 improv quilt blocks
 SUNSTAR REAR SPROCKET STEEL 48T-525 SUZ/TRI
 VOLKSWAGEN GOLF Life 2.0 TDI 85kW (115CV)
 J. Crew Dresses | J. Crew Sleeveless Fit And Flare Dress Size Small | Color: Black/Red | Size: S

────────────────

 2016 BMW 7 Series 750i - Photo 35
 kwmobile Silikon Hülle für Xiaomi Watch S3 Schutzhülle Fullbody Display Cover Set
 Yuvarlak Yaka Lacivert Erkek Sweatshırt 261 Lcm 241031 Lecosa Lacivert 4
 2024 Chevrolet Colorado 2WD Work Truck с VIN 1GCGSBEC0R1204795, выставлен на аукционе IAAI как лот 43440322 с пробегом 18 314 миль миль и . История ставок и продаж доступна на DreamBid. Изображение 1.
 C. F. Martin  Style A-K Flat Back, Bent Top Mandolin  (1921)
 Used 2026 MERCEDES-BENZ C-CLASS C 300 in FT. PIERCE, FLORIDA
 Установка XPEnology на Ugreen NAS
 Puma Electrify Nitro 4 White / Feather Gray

────────────────

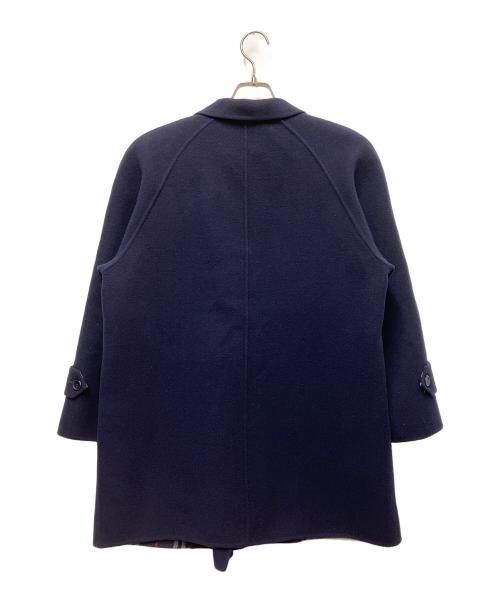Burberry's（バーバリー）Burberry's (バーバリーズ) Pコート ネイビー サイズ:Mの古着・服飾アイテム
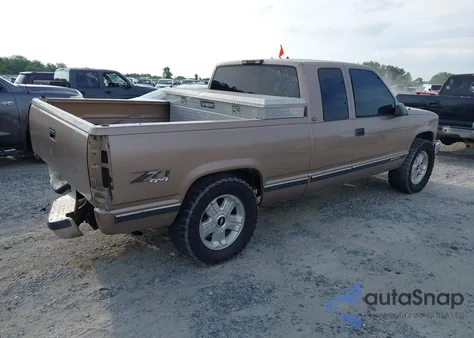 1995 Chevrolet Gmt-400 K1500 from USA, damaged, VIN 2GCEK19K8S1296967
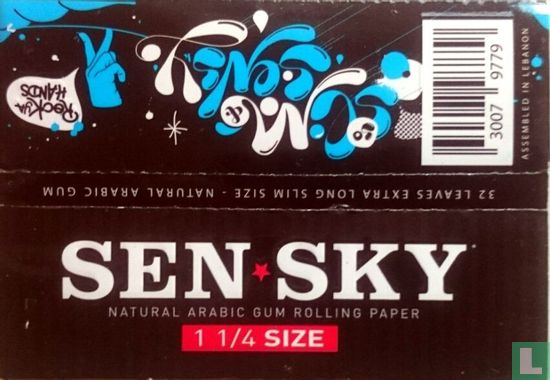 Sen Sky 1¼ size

────────────────

:: What is required ::
Of the lines above, output exactly those from the line bearing "improv quilt blocks" through the line bearing "J. Crew Dresses", inclusive.

:: Written response ::
 improv quilt blocks
 SUNSTAR REAR SPROCKET STEEL 48T-525 SUZ/TRI
 VOLKSWAGEN GOLF Life 2.0 TDI 85kW (115CV)
 J. Crew Dresses | J. Crew Sleeveless Fit And Flare Dress Size Small | Color: Black/Red | Size: S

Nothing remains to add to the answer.